» **TASK DIRECTIONS**:
In the entries below, begin at the line with "drake_carrie's tweet photo." and stop after the line with "maglione in cotone"; output those lines exactly and omit the pictures.

» **EXTRACTED DATA**:

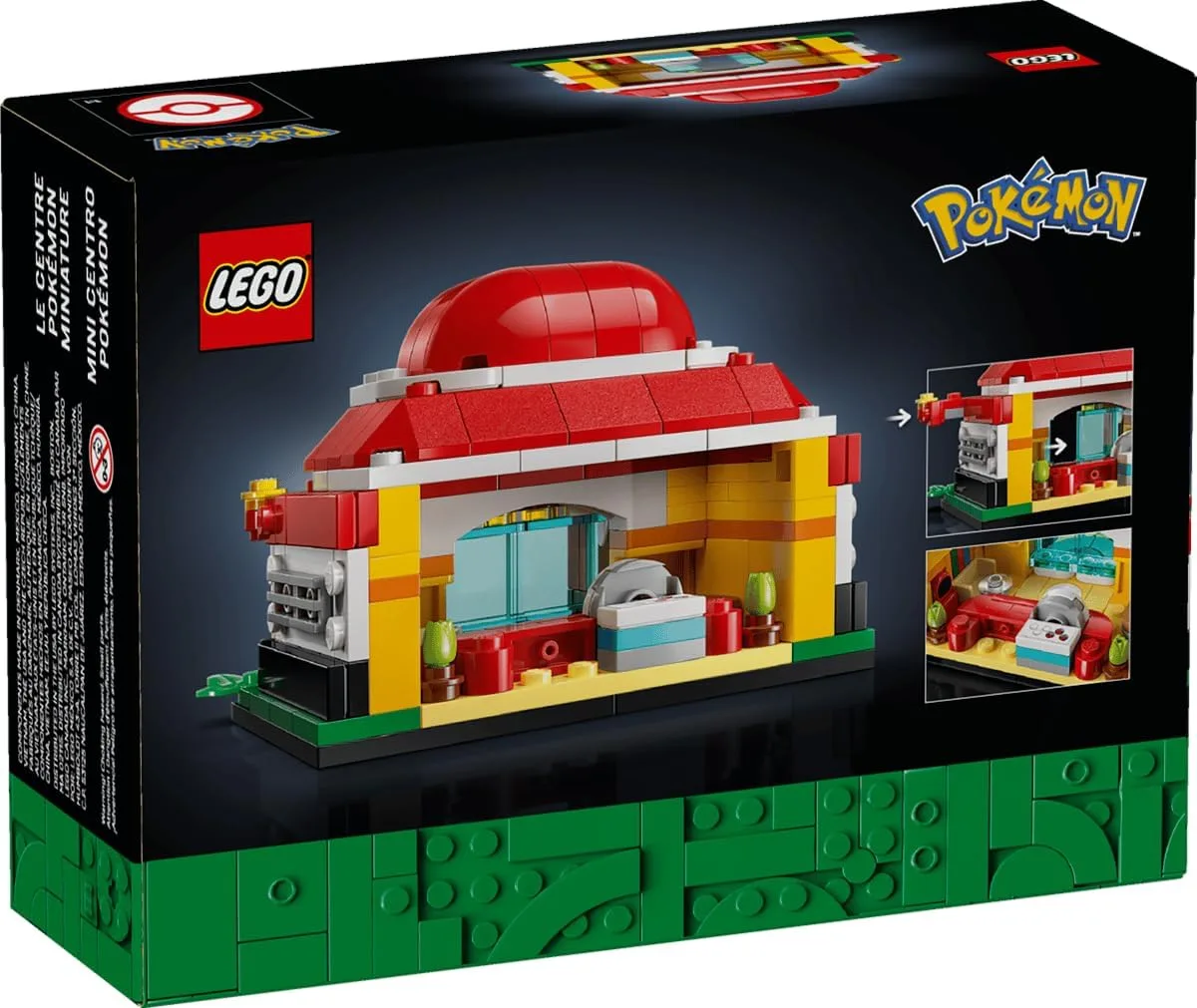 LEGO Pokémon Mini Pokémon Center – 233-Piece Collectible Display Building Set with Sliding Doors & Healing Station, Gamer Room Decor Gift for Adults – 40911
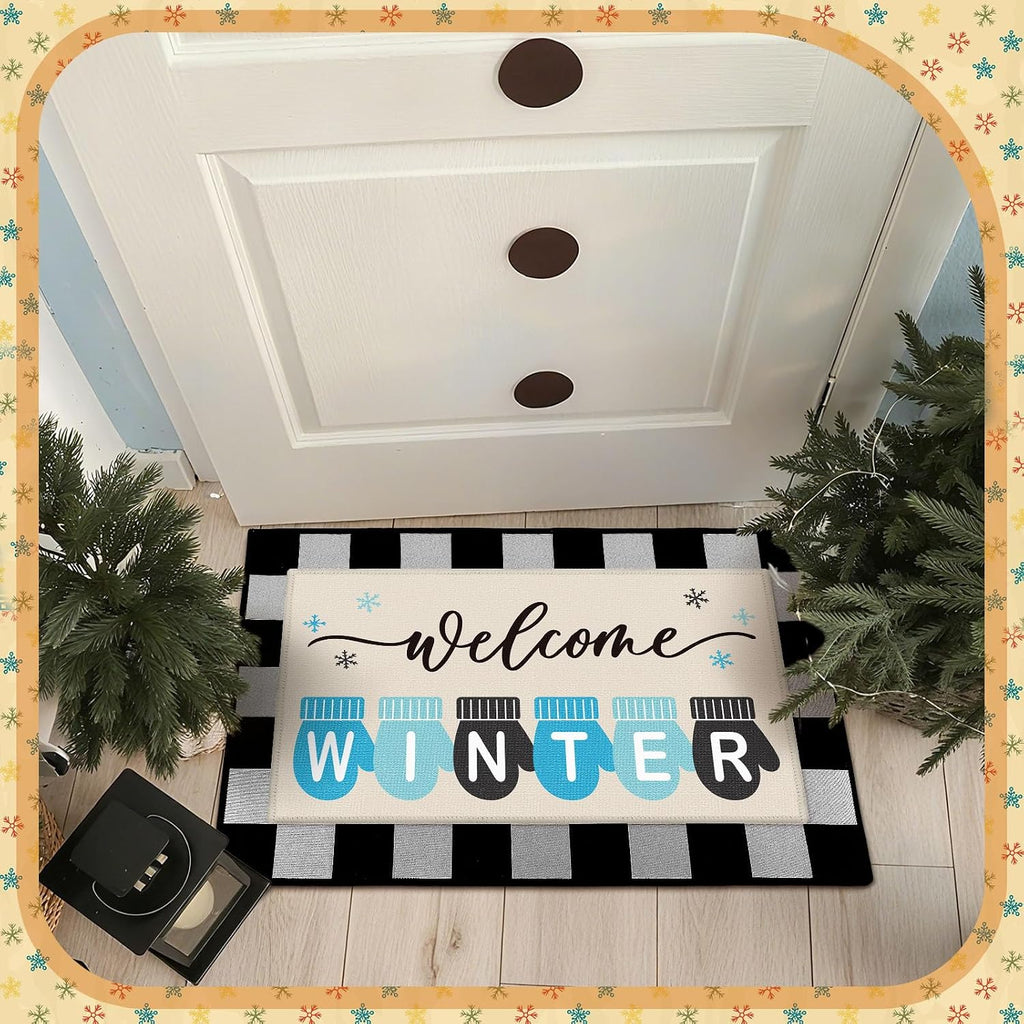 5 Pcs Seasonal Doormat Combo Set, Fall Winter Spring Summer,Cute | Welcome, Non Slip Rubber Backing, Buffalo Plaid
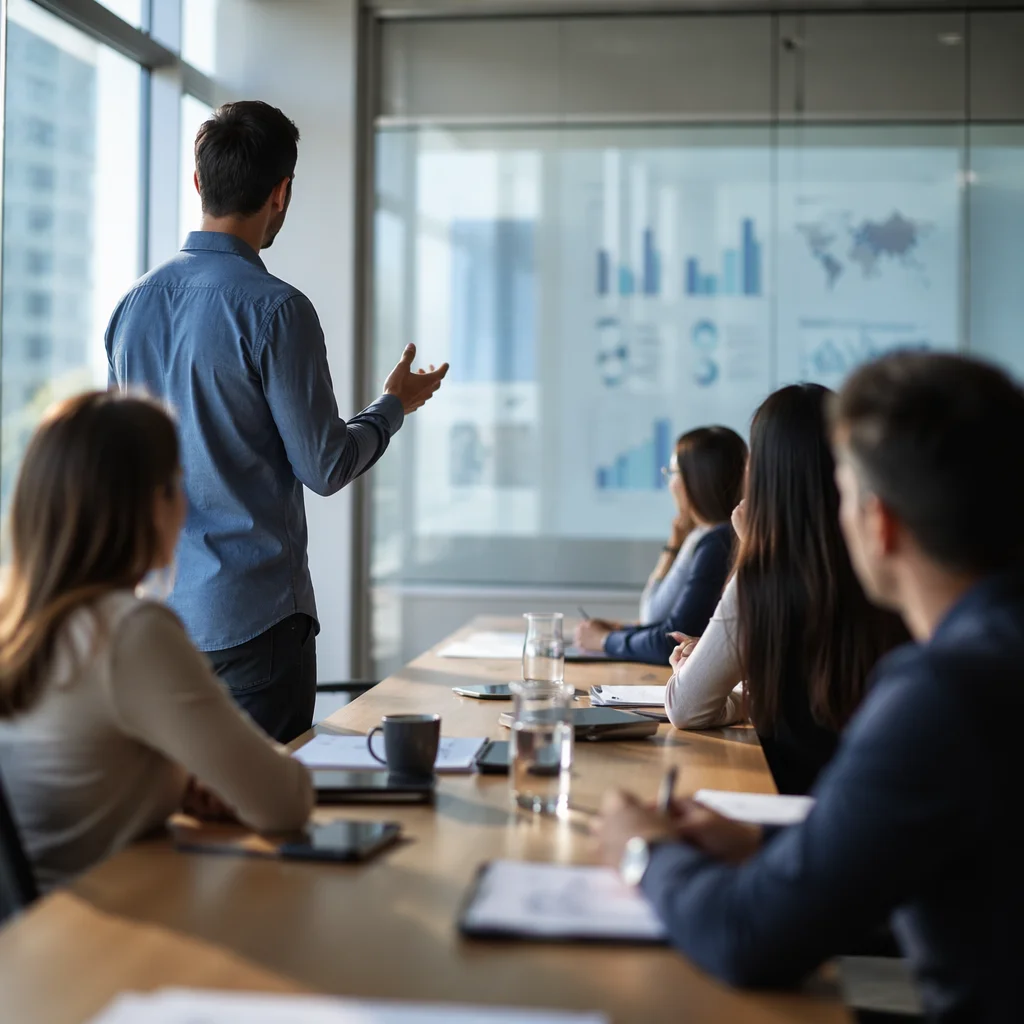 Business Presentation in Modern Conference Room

...

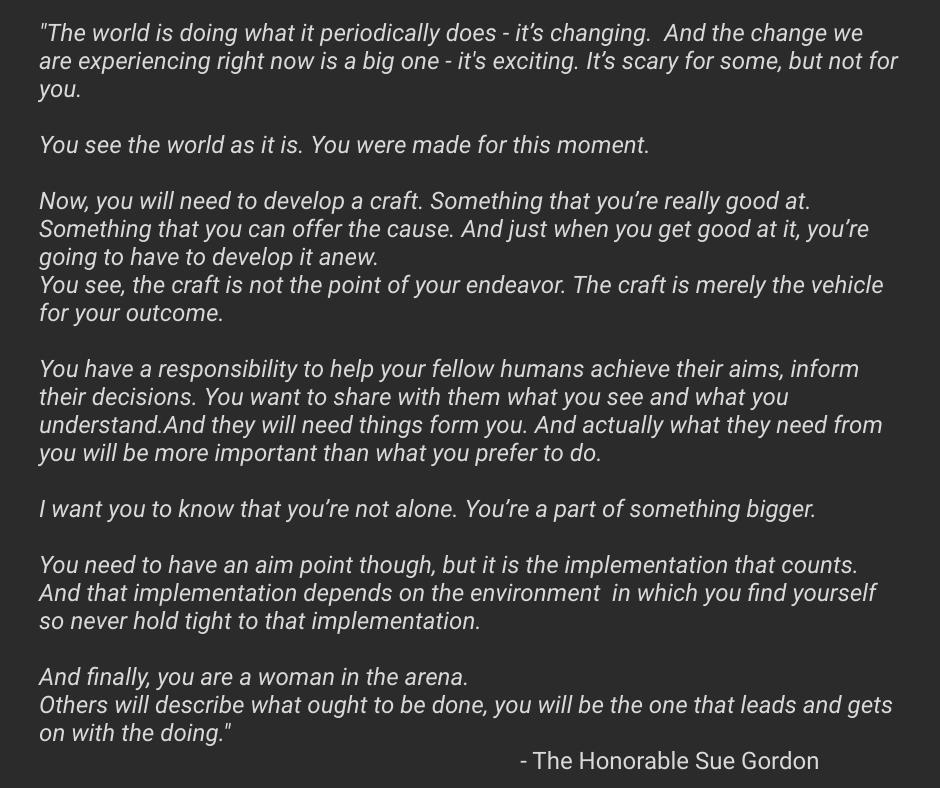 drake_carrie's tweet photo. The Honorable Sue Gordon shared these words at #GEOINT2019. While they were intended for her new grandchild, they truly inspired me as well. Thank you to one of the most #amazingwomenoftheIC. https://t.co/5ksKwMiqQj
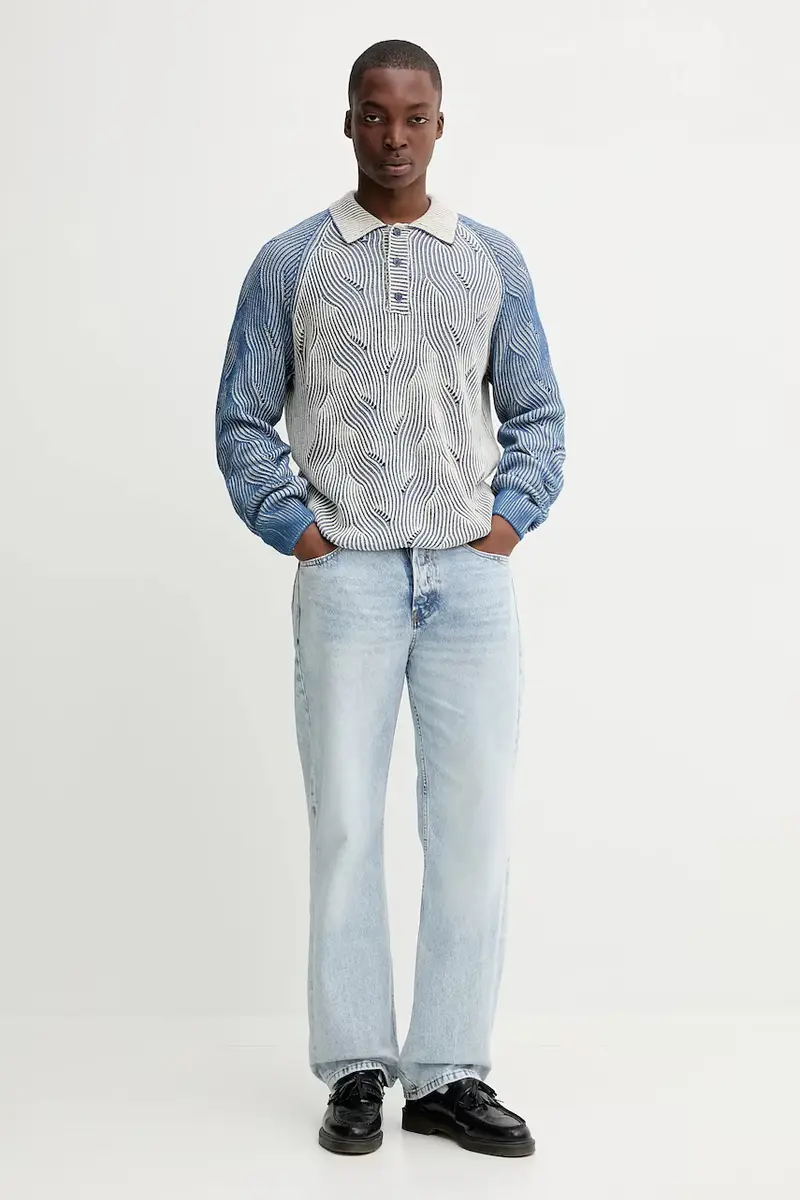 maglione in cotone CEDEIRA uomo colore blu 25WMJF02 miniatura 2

» **ANSWER BOX**:
 drake_carrie's tweet photo. The Honorable Sue Gordon shared these words at #GEOINT2019. While they were intended for her new grandchild, they truly inspired me as well. Thank you to one of the most #amazingwomenoftheIC. https://t.co/5ksKwMiqQj
 maglione in cotone CEDEIRA uomo colore blu 25WMJF02 miniatura 2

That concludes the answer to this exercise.